Status: UNCONFIRMED → RESOLVED
Closed: 13 years ago
OS: Windows Server 2003 → All
Hardware: x86_64 → All
Resolution: --- → WORKSFORME
Josh, download the PHP version and remove the PHP code though retain the XML declaration and rename to "example.xhtml". Not sure what tools you may have to view POST data without server scripting however. Mounir, Firefox does not honor the submit button pressed and therefore is less capable than Chrome, Internet Explorer and Safari. Not fixing this bug means excessive and unnecessary code to be written primarily for Firefox and Opera and should Opera fix this bug exclusively for Firefox.
(In reply to John A. Bilicki III from comment #4) > Josh, download the PHP version and remove the PHP code though retain the XML > declaration and rename to "example.xhtml". Not sure what tools you may have > to view POST data without server scripting however. It would be appreciated if you could attach an HTML file. If everybody who want to test has to strip down the PHP lines, more than one person is going to waste time... > Mounir, Firefox does not honor the submit button pressed and therefore is > less capable than Chrome, Internet Explorer and Safari. This is a bug in Webkit (this explains why Safari and Chrome have that behavior). Per spec, Gecko (Firefox) and Presto (Opera) have a correct behavior. Could you be more explicit about versions of IE which behave like that? > Not fixing this bug means excessive and unnecessary code to be written > primarily for Firefox and Opera and should Opera fix this bug exclusively > for Firefox. Doing: if (!valid()) { event.preventDefault(); } instead of: event.preventDefault(); if (valid()) { form.submit(); } doesn't seem more code. And that would be compatible with *all* browsers.
Attachment #609357 - Attachment mime type: application/octet-stream → text/plain
Josh, the correct mime type is application/xhtml+xml.
Note that the firefox behavior here is per spec. It's a known problem that WebKit behaves this way and I assume they are going to fix it. It just so happens that the behavior is better for you here, but it's worse in many other situations (global variables is generally a bad idea).
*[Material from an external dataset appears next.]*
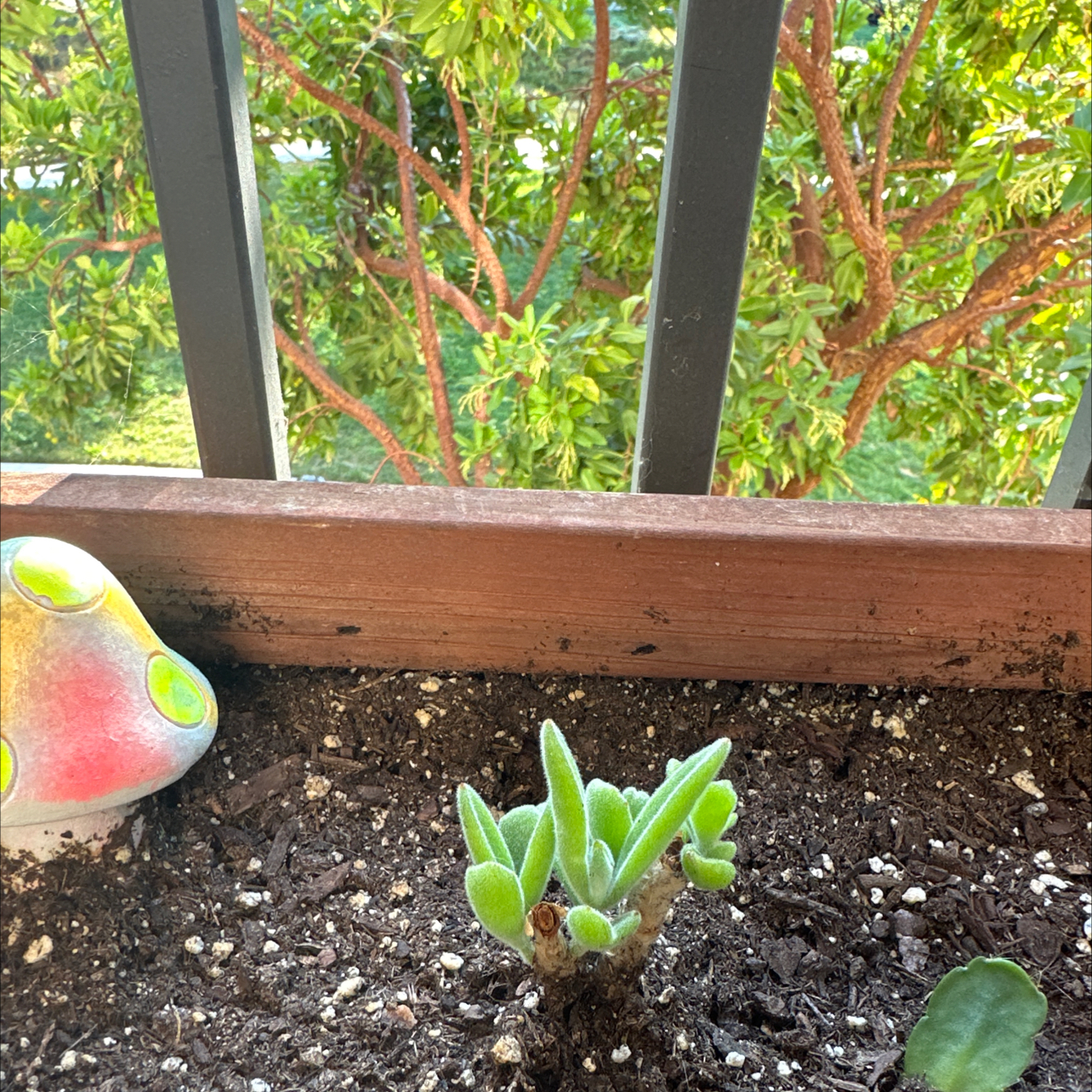 Photo of the plant species 'Rose Leaf' by @LuvinLithops named Messi on Greg, the plant care app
Jonas, point the spec out where it declares it explicitly. WebKit behaves as desired, Firefox does not. "Generally bad" ideas are not absolutely bad ideas.
The .submit method is defined here: http://www.whatwg.org/specs/web-apps/current-work/multipage/forms.html#dom-form-submit It invokes the 'submit' algorithm using the <form> element as the submitter. The 'submit' algorithm is defined here: http://www.whatwg.org/specs/web-apps/current-work/multipage/association-of-controls-and-forms.html#concept-form-submit Step 7 of the 'submit' algorithm is where the set of elements which are included in the dataset is determined. This steps invokes the 'construct the form data set' algorithm defined here: http://www.whatwg.org/specs/web-apps/current-work/multipage/association-of-controls-and-forms.html#constructing-the-form-data-set Step 3.1 of the 'construct the form data set' algorithm skips any input elements whose type is 'submit' unless they are the submitter. Since the .submit method uses the form as the submitter, it thus skips all input elements whose type is 'submit'.